[Start of Attachment]

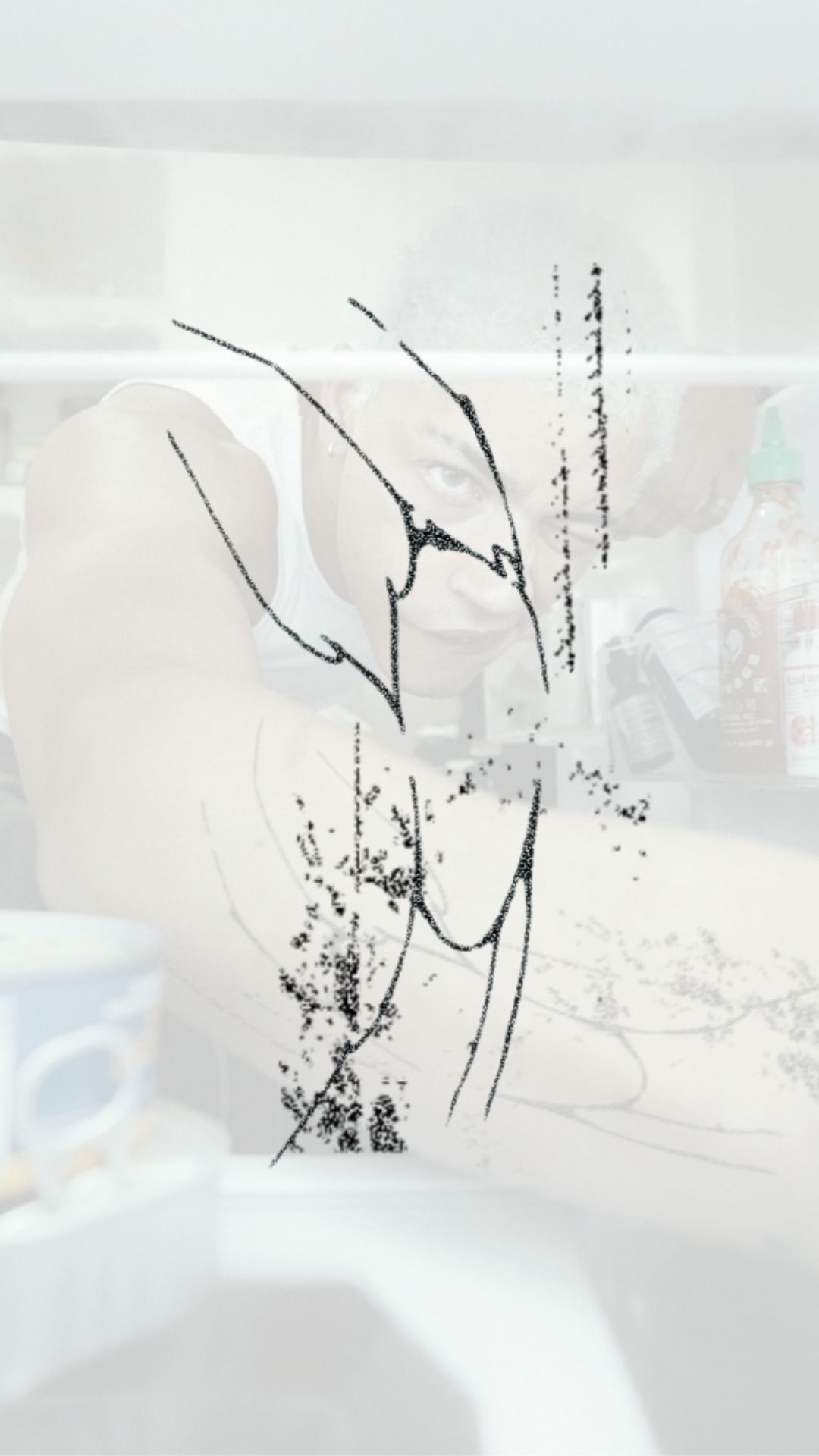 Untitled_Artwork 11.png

[End of Attachment]
[Start of Attachment]

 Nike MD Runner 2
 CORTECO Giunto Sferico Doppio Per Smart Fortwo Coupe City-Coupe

[End of Attachment]

All that is wanted is an exact copy of the lines above from the one with "Nike MD Runner 2" through the one with "CORTECO Giunto Sferico", with both ends included.

> [Response to the exercise]:
 Nike MD Runner 2
 CORTECO Giunto Sferico Doppio Per Smart Fortwo Coupe City-Coupe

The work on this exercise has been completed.